Using Scala to program Amazon Glue ETL scripts - Amazon Glue
Services or capabilities described in Amazon Web Services documentation might vary by Region. To see the differences applicable to the China Regions, see Getting Started with Amazon Web Services in China (PDF).

Using Scala to program Amazon Glue ETL scripts

You can automatically generate a Scala extract, transform, and load (ETL) program using the Amazon Glue console, and modify it as needed before assigning it to a job. Or, you can write your own program from scratch. For more information, see Configuring job properties for Spark jobs in Amazon Glue.
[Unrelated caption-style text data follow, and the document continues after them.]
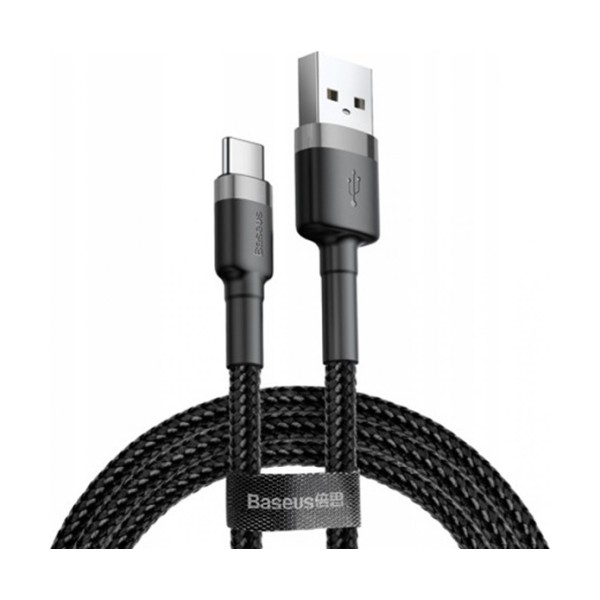 Baseus Καλώδιο Cafule Braided USB Lightning Cable 1.5A 1m - Gray Black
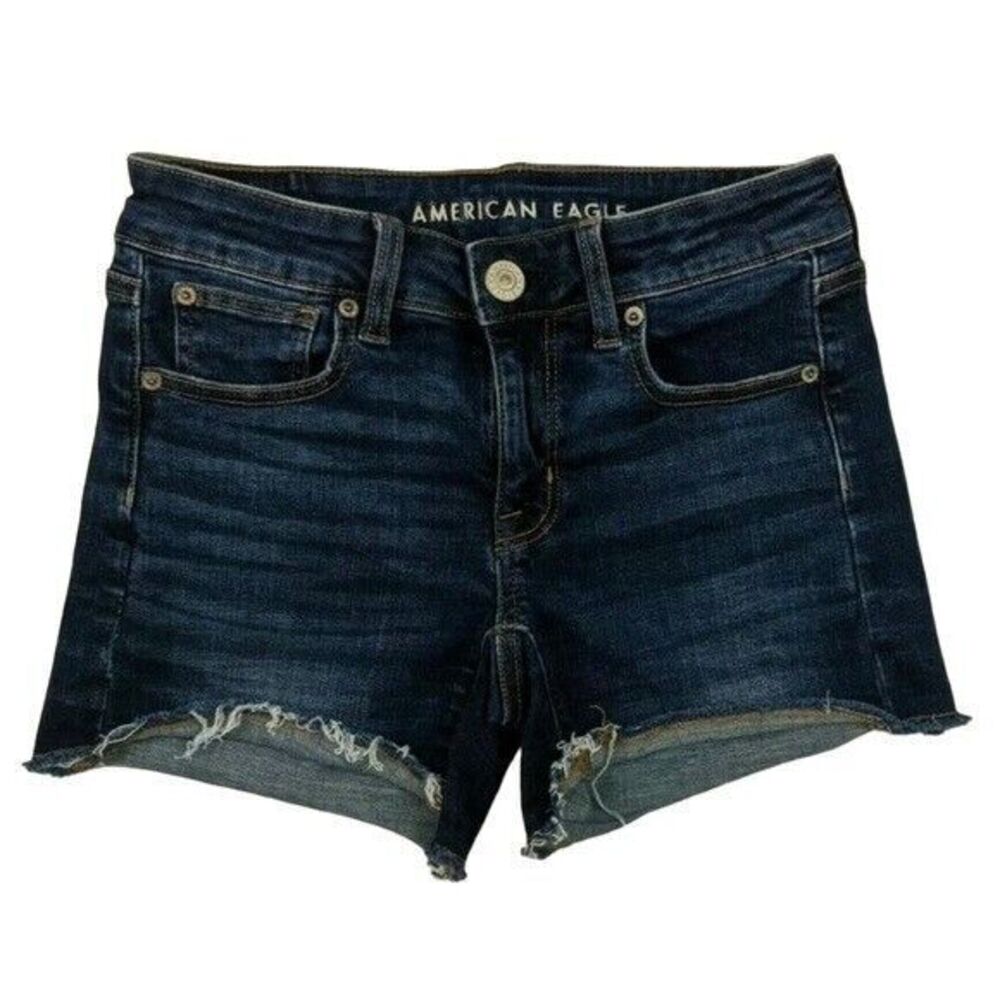 AMERICAN EAGLE Jean Shorts  Women's Size 2  Frayed Super Stretch Denim Shortie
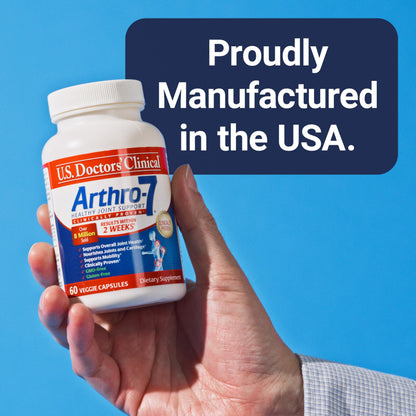 Close up of U.S. Doctorsâ€™ Clinical Arthro-7 60 capsule bottle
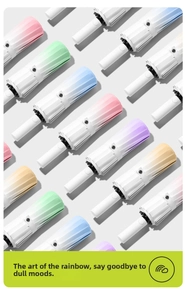 Array of colorful gradient umbrellas with white handles in a neat minimalist pattern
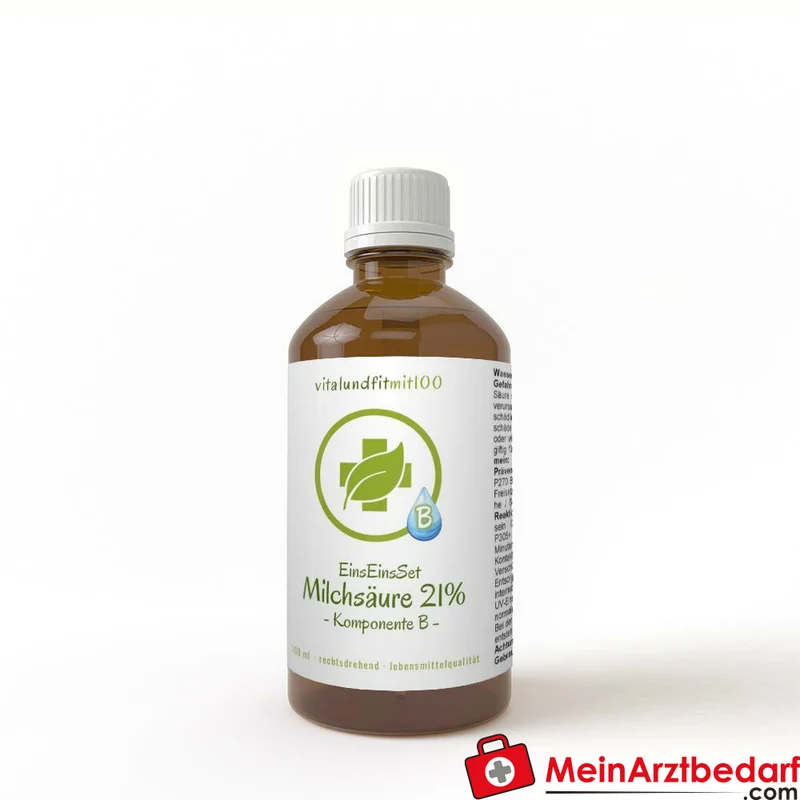 L(+)-Milchsäure 21% Lebensmittelqualität 100 ml Braunglas mit Tropfeinsatz und Kindersicherung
Amazon Glue then compiles your Scala program on the server before running the associated job.

To ensure that your program compiles without errors and runs as expected, it's important that you load it on a development endpoint in a REPL (Read-Eval-Print Loop) or a Jupyter Notebook and test it there before running it in a job. Because the compile process occurs on the server, you will not have good visibility into any problems that happen there.

Testing a Scala ETL program in a Jupyter notebook on a development endpoint

To test a Scala program on an Amazon Glue development endpoint, set up the development endpoint as described in Adding a development endpoint.

Next, connect it to a Jupyter Notebook that is either running locally on your machine or remotely on an Amazon EC2 notebook server. To install a local version of a Jupyter Notebook, follow the instructions in Tutorial: Jupyter notebook in JupyterLab.

The only difference between running Scala code and running PySpark code on your Notebook is that you should start each paragraph on the Notebook with the the following:

%spark

This prevents the Notebook server from defaulting to the PySpark flavor of the Spark interpreter.

Testing a Scala ETL program in a Scala REPL

You can test a Scala program on a development endpoint using the Amazon GlueScala REPL. Follow the instructions in Tutorial: Use a SageMaker notebook, except at the end of the SSH-to-REPL command, replace -t gluepyspark with -t glue-spark-shell. This invokes the Amazon Glue Scala REPL.

To close the REPL when you are finished, type sys.exit.